You can have an excellent product, a firm marketing plan, and the knowledge of your market to know that it’s going to be a success. But once it’s on the shelves, it’s going to be in direct competition with other similar products and the decision between two brands is often on impulse. When you don’t have brand recognition, you need packaging to pick up the slack. Here’s how you make sure that happens.
Will it make itself visible?
This is the first and most important part of designing any product packaging. It needs to be able to increase brand awareness but, at the same time, it has to be able to stand out amongst the other goods on the shelves. Of course, there are brands and products of every colour of the rainbow. Make sure you research your competing products. Take a trip out to the kind of shop you want your product to appear in and take a good look at what it’s going to be competing against. You don’t want to lose the visual identifiers of what the product actually is but find the ways you can help differentiate it.
Is it fit for the job?
Practicality is the next concern, and it’s a huge one. Customers can recognise when a product’s packaging is going to make it much more a hassle. For instance, think about ketchup. If they see one in a squeezy bottle and one in a hard glass bottle, it’s obvious that they will go for the one that makes it easier to use the product. A guarantee of quality can be built into the packaging too. For kitchen and bathroom products, flimsy paper labels make the product look low-quality. Waterproof labels make it look like its fit for the job. Think of the practicalities of the product and how the packaging can enhance its usability or, at the very least, not get in the way.
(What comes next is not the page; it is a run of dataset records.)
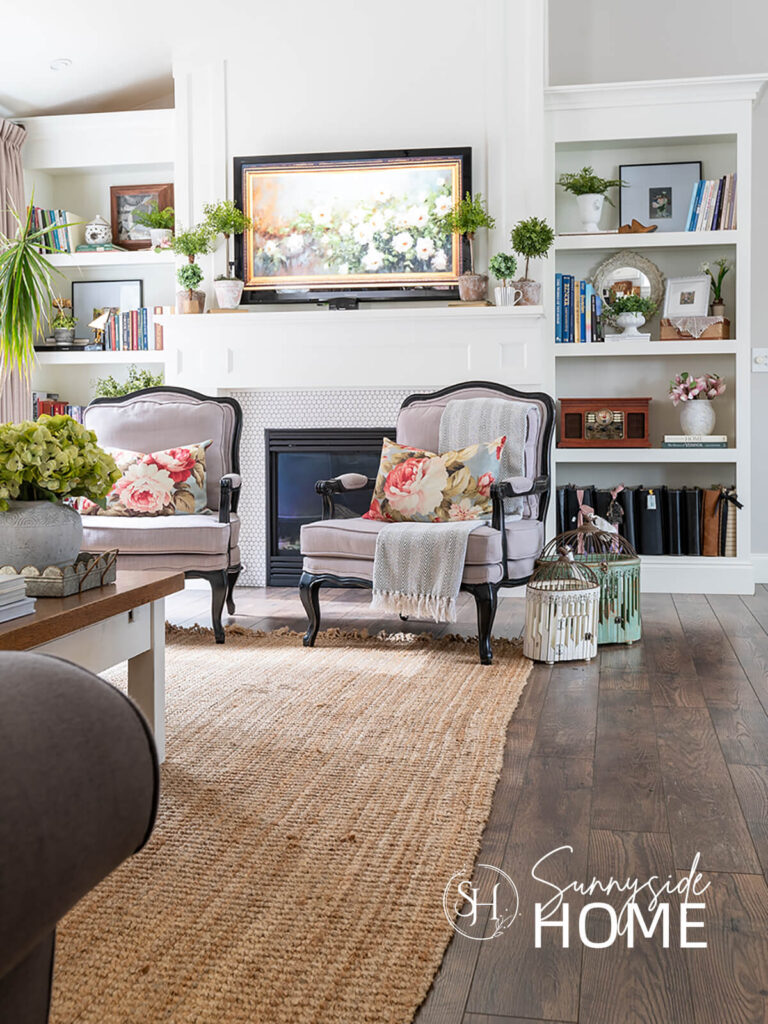 Floral pillow and throw blanket neatly placed in a light grey bergeré chair in a living room by the fireplace.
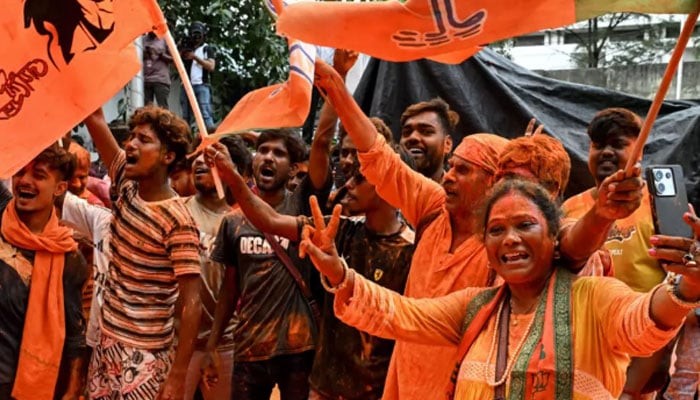 Bharatiya Janata Party supporters celebrate after taking a lead during vote counting for the West Bengal Legislative Assembly elections in Kolkata. — AP/File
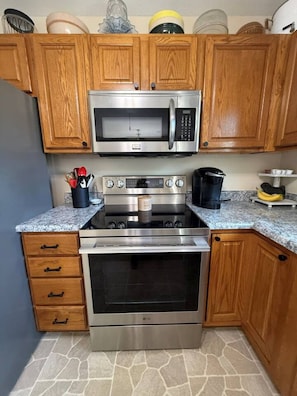 A kitchen with wooden cabinets, a microwave, an oven, and a granite countertop. - Hop Skip & Jump-Good Night Sleep (Boonville)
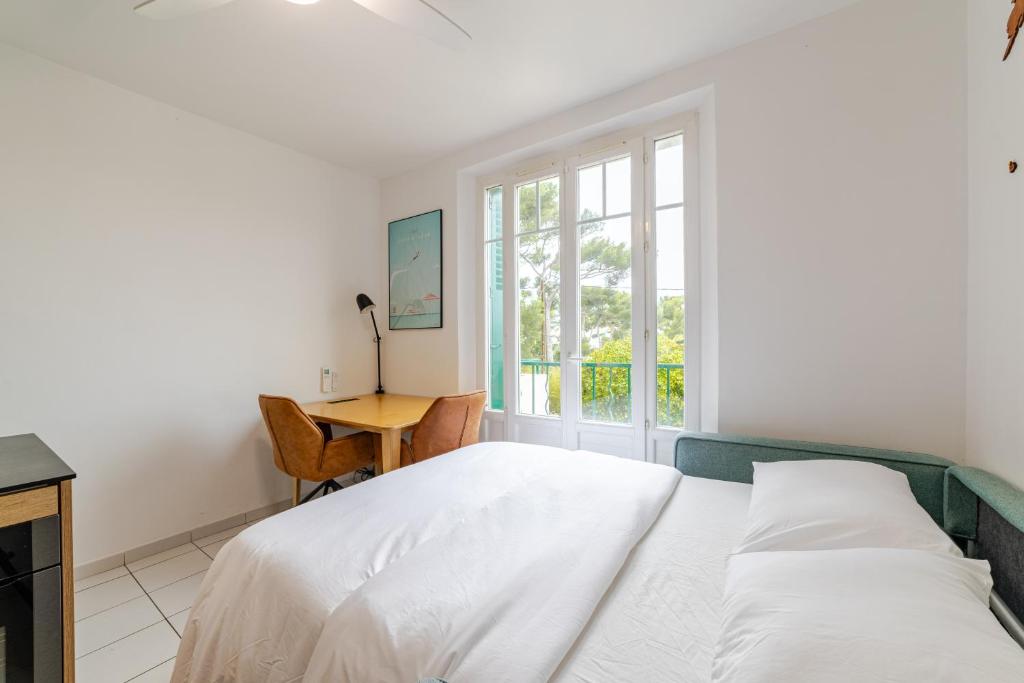 une chambre blanche avec un lit et un bureau dans l'établissement Cocon comfortable vue mer, Clim et parking, à Sanary-sur-Mer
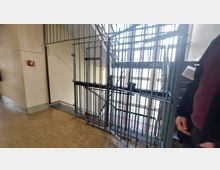 Blick auf ein Treppenhaus mit Metallgittern, die den Treppenbereich absperren. Im Hintergrund ist natürliche Beleuchtung durch große Fenster sichtbar, der Boden besteht aus hellem Laminat.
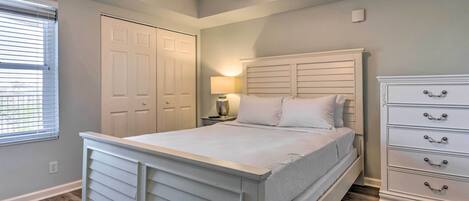 A bedroom with a bed, a dresser, a nightstand, a lamp, and a closet.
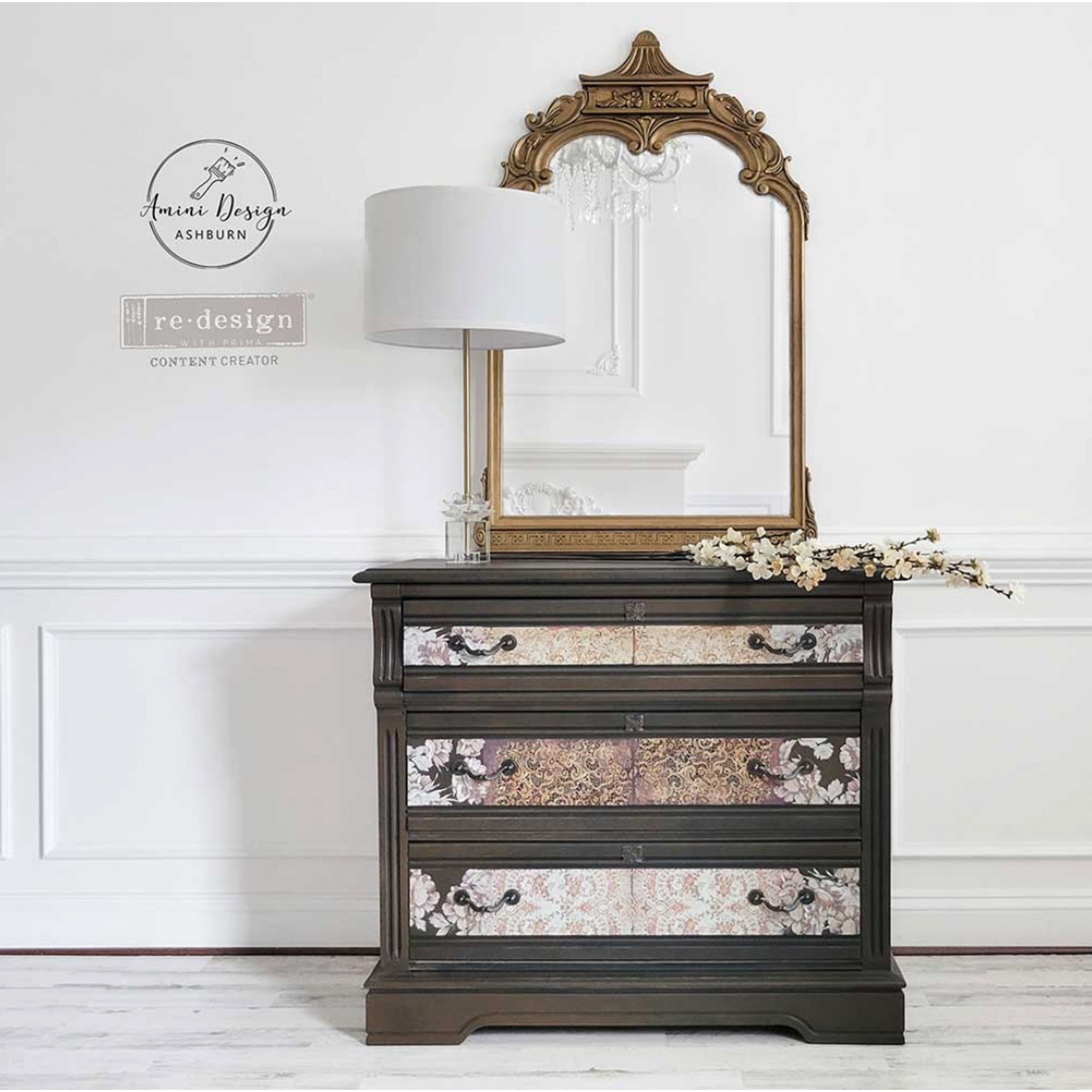 A vintage dresser refurbished by Amini Design Ashburn, a ReDesign with Prima Content Creator, is painted dark brown and features the Delicate Lace small transfers on its drawers.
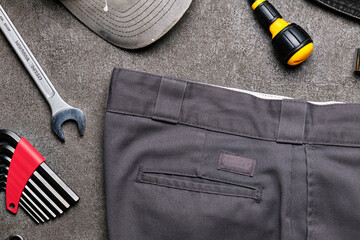 Work pants and tools on concrete.	

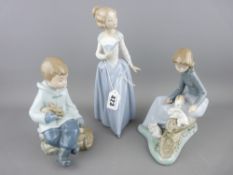 Three Nao porcelain figurines and a USSR model of a ferret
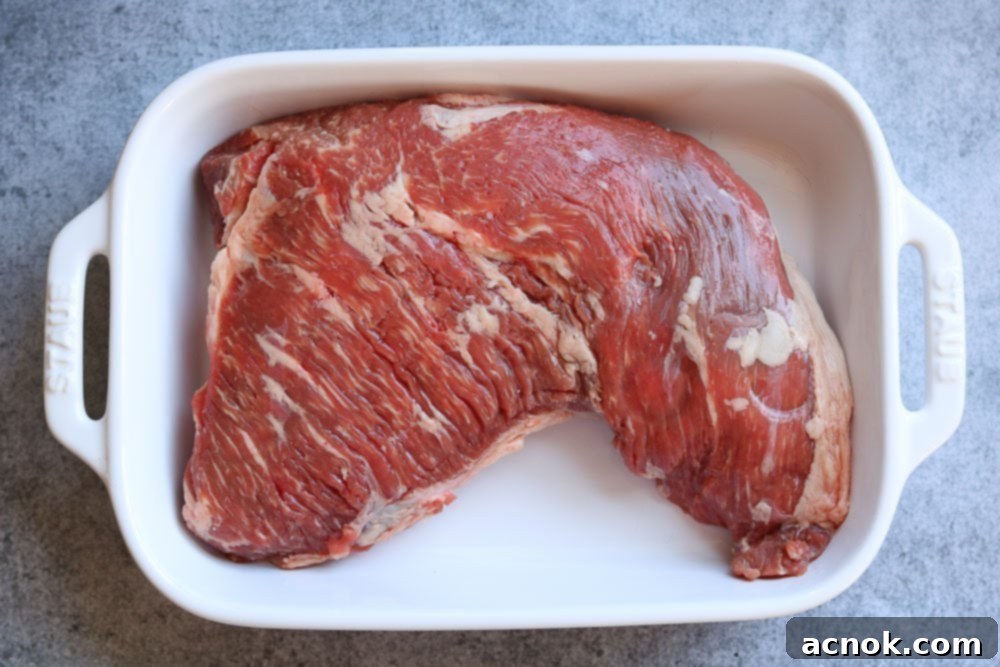 raw tri tip in dish ready to be marinated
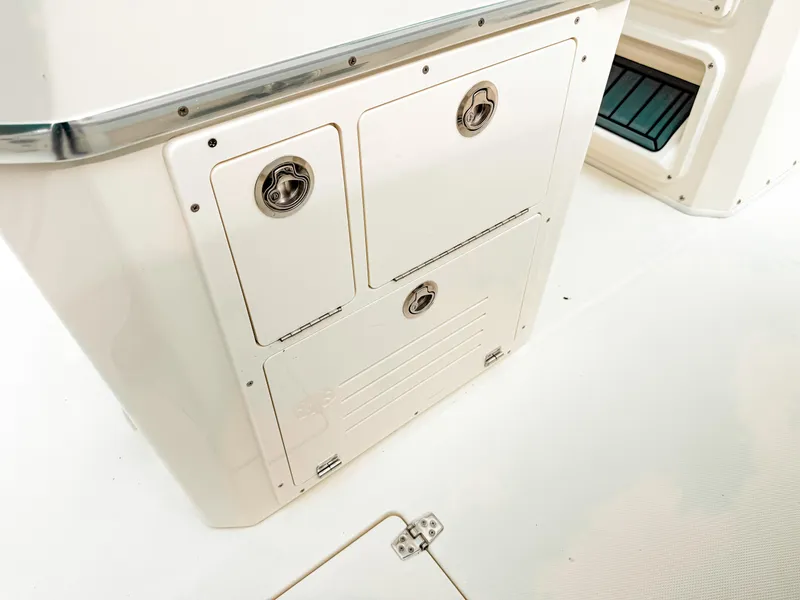 Slide: The Image of 2025 Cobia 285 Center Console storage compartments on deck. - 24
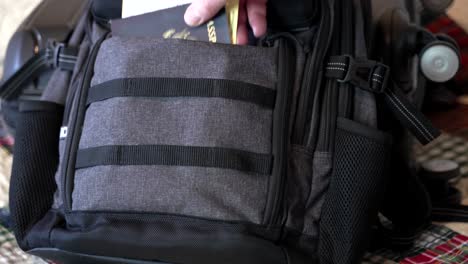 Man's-hand-seen-putting-his-passport-and-travel-documents-in-his-carry-on-luggage---isolated-close-up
Does it work well on the shelves?
You don’t have to base your design decisions entirely on gut feeling, either. Just like the product itself, you should prototype and test your packaging. The best way to do that is to use in-store shelf testing. This recreates a shop environment with test consumers and can show you just how effective your product is at catching their eye. If it’s not working and other products are drawing their attention, you can learn from those products. Borrow what works while ensuring you have your own brand identity.
Is it adjustable?
The product you’re currently packaging may not be your only product. You might already have others in development or on shelves. Building a long-lasting visual identity is the key here. When designing product packaging, try to think of how you can adjust or adapt it as you expand the line and release more products.
You can and should keep building brand visibility and customer loyalty outside of the shops, but strong packaging will be your product’s saving grace when customers are face to face with it. Does your product have that immediately, impulsive appeal?